The 116-page report, "'I Lost Everything': Israel's Unlawful
Destruction of Property in the Gaza Conflict" documents 12 separate
cases during Operation Cast Lead in which Israeli forces extensively
destroyed civilian property, including homes, factories, farms, and
greenhouses, in areas under their control, without any lawful military
purpose. Human Rights Watch's investigations, which relied upon
physical evidence, satellite imagery, and multiple witness accounts at
each site, found no indication of nearby fighting when the destruction
occurred.
Israel has claimed that its forces destroyed civilian property only
when Palestinian armed groups were fighting from it, or were using it
to store weapons, hide tunnels, or advance other military purposes.
Israel also claims that many Gazan homes were destroyed by Hamas
booby-traps. The evidence in the incidents that Human Rights Watch
investigated does not support such claims.
"Almost 16 months after the war, Israel has not held accountable
troops who unlawfully destroyed swaths of civilian property in areas
under their control," said Sarah Leah Whitson, Middle East director at
Human Rights Watch. "Israel's blockade continues to keep Gazans from
rebuilding their homes, meaning that Israel is still punishing Gaza's
civilians long after the fighting is over."
Human Rights Watch found evidence in the 12 cases indicating that
Israeli forces carried out the destruction for either punitive or other
unlawful reasons, violating the prohibition under international
humanitarian law - the laws of war - against deliberately destroying
civilian property except when necessary for lawful military reasons. In
seven of the cases, satellite imagery corroborated eyewitness accounts
that Israeli forces destroyed many structures after establishing
control over an area and shortly before Israel announced a ceasefire
and withdrew its forces from Gaza on January 18, 2009.
Israel's comprehensive blockade of the Gaza Strip, a form of
collective punishment against civilians imposed in response to Hamas's
takeover of Gaza in June 2007, has prevented significant
reconstruction, including in areas where Human Rights Watch has
documented destruction.

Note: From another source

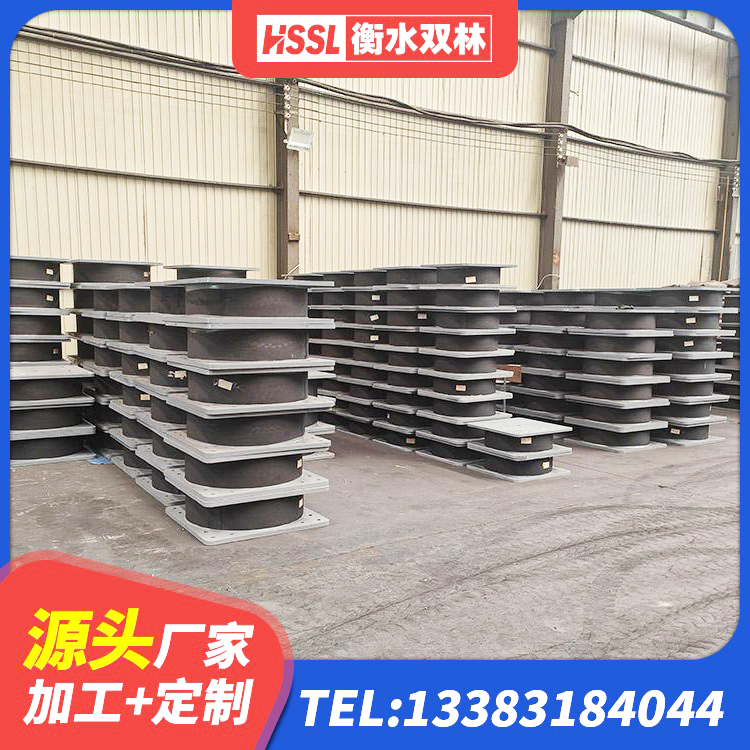 墨江县LRB700隔震支座厂家电话 墨江县LRB1200铅芯支座厂家 墨江县II型LRB铅芯橡胶隔震支座源头工厂 墨江县天然隔震橡胶支座价格 - 第1张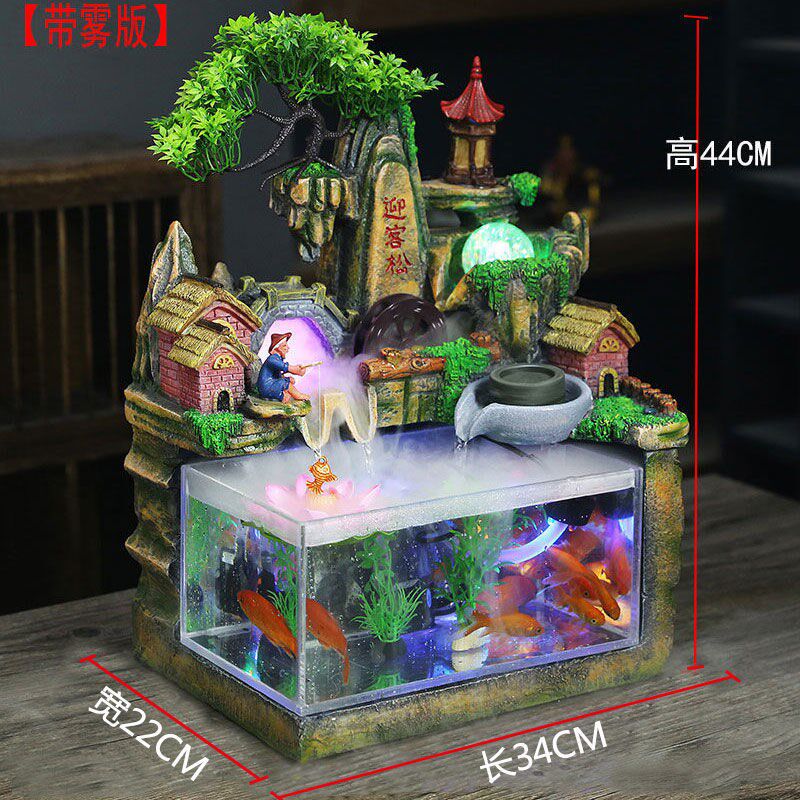 桌面鱼缸摆件流水生财摆件小型假山喷泉办公室客厅卧式水族箱家用,家居饰品,流水摆件,淘宝优惠券,粉丝福利购,淘宝优惠卷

Israel has allowed imports of cement for
several repair projects, but United Nations Secretary-General Ban
Ki-moon noted in late March that these were "a drop in a bucket"
compared to housing needs.
Israeli officials insist that the blockade - which had already
degraded humanitarian conditions in Gaza before Operation Cast Lead -
will remain in place until Hamas releases Staff Sergeant Gilad Shalit,
the Israeli soldier captured in 2006, rejects violence, and fulfills
other political conditions. Hamas's prolonged incommunicado detention
of Shalit violates the prohibition of cruel and inhuman treatment and
may amount to torture.
Many goods are being smuggled into Gaza through tunnels beneath the
southern border with Egypt, and many damaged buildings have been
repaired at least partially with bricks made from smuggled cement and
recycled concrete rubble. However, these improvised building materials
are reportedly of poor quality and cannot be used for large
reconstruction projects. In the areas of Gaza where Human Rights Watch
found that Israeli forces had destroyed homes in areas under their
control, there has been virtually no reconstruction of destroyed
buildings, indicating that the inadequate supply of reconstruction
materials still leaves these materials prohibitively expensive for most
of Gaza's residents, more than three-quarters of whom are impoverished.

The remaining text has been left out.